====== Records supplied

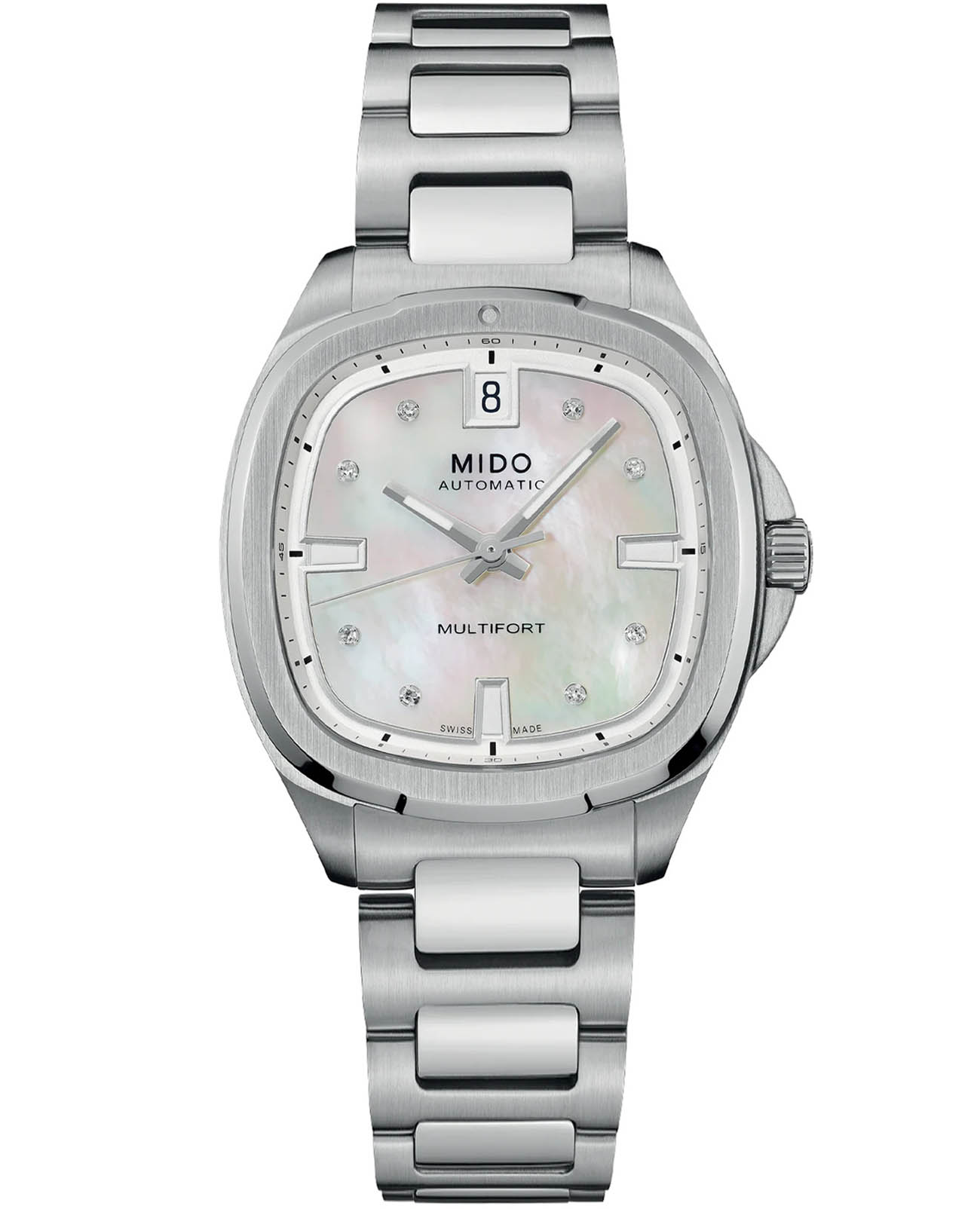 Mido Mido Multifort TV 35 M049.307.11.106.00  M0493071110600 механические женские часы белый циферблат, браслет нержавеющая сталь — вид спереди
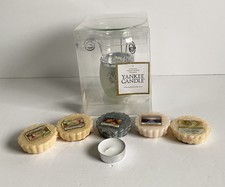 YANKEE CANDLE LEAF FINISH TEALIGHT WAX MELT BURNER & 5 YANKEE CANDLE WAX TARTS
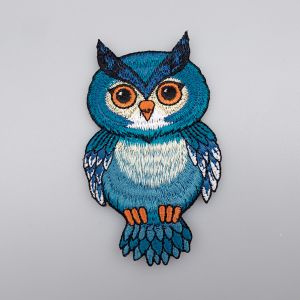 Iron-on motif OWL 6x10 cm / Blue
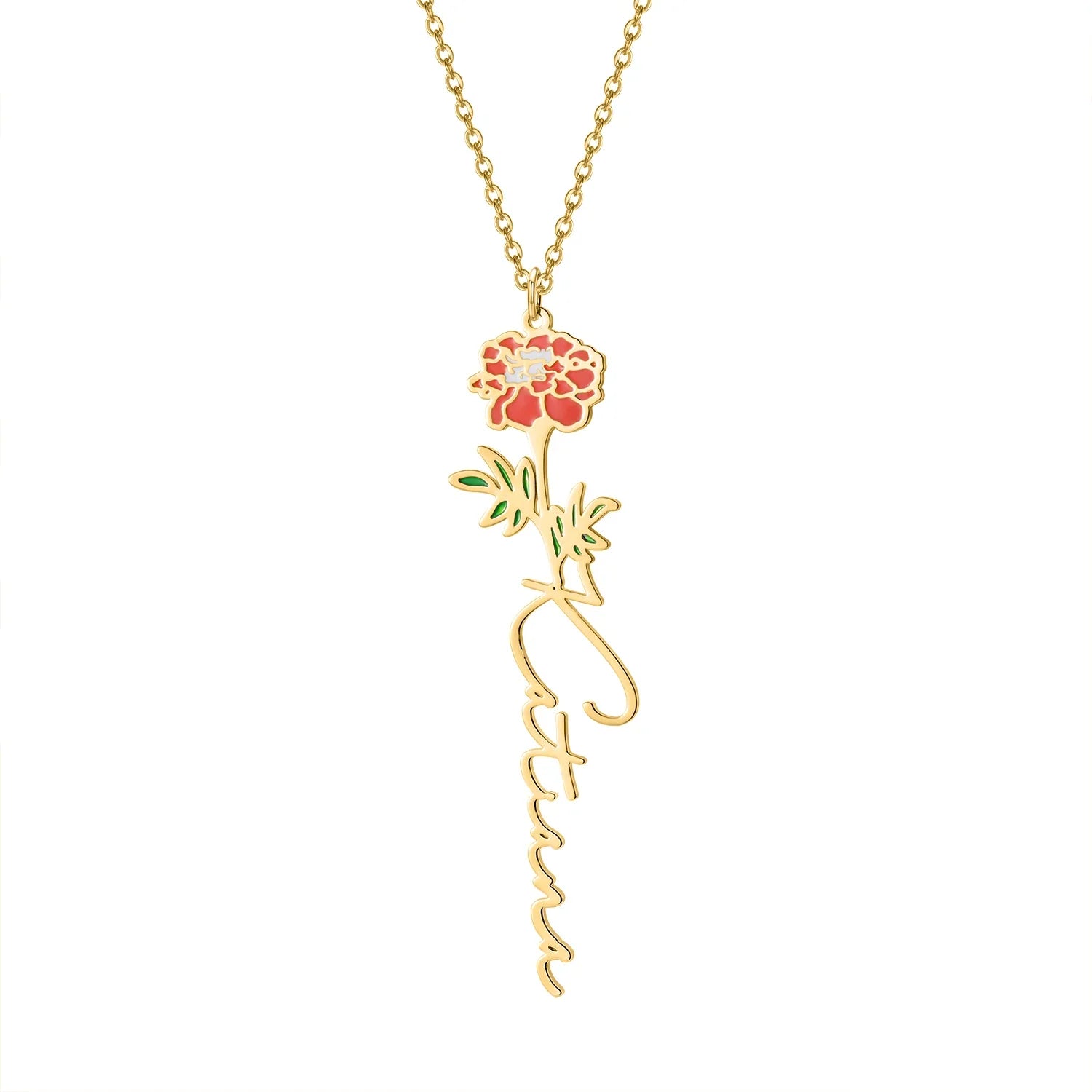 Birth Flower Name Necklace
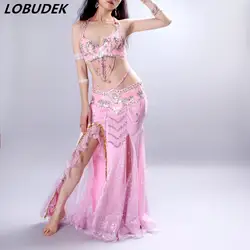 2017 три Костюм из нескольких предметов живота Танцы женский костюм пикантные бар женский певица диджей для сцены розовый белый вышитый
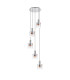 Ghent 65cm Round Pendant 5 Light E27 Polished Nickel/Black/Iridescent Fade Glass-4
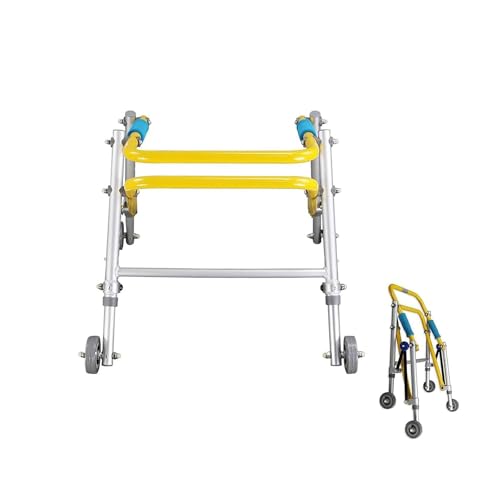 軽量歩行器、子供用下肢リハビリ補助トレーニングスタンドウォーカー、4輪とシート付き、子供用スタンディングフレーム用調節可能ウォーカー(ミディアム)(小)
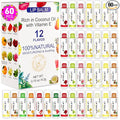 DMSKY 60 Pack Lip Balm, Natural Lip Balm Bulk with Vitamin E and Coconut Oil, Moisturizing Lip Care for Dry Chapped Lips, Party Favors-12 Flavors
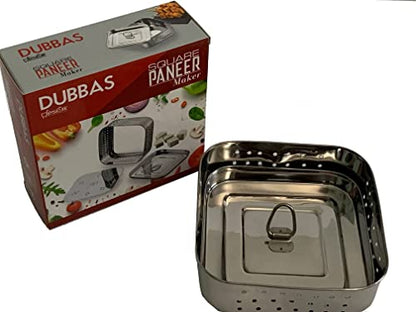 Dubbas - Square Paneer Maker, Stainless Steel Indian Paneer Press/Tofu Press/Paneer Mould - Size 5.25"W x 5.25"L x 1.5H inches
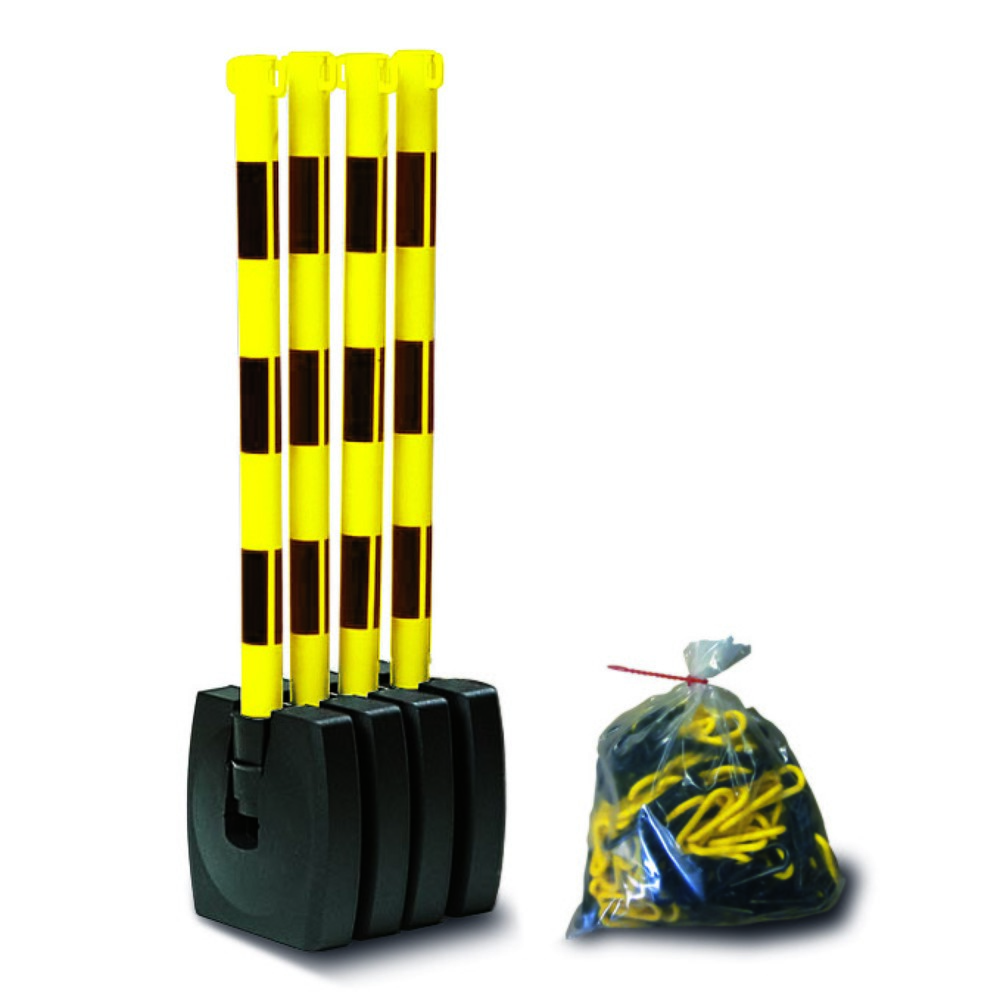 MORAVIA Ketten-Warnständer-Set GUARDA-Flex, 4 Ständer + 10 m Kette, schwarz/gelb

============

#### [Brief]
Copy every entry word for word, but omit the pictures.

#### [Exercise solution]
 Mido Mido Multifort TV 35 M049.307.11.106.00  M0493071110600 механические женские часы белый циферблат, браслет нержавеющая сталь — вид спереди
 YANKEE CANDLE LEAF FINISH TEALIGHT WAX MELT BURNER & 5 YANKEE CANDLE WAX TARTS
 Iron-on motif OWL 6x10 cm / Blue
 Birth Flower Name Necklace
 2017 три Костюм из нескольких предметов живота Танцы женский костюм пикантные бар женский певица диджей для сцены розовый белый вышитый
 Ghent 65cm Round Pendant 5 Light E27 Polished Nickel/Black/Iridescent Fade Glass-4
 軽量歩行器、子供用下肢リハビリ補助トレーニングスタンドウォーカー、4輪とシート付き、子供用スタンディングフレーム用調節可能ウォーカー(ミディアム)(小)
 DMSKY 60 Pack Lip Balm, Natural Lip Balm Bulk with Vitamin E and Coconut Oil, Moisturizing Lip Care for Dry Chapped Lips, Party Favors-12 Flavors
 Dubbas - Square Paneer Maker, Stainless Steel Indian Paneer Press/Tofu Press/Paneer Mould - Size 5.25"W x 5.25"L x 1.5H inches
 MORAVIA Ketten-Warnständer-Set GUARDA-Flex, 4 Ständer + 10 m Kette, schwarz/gelb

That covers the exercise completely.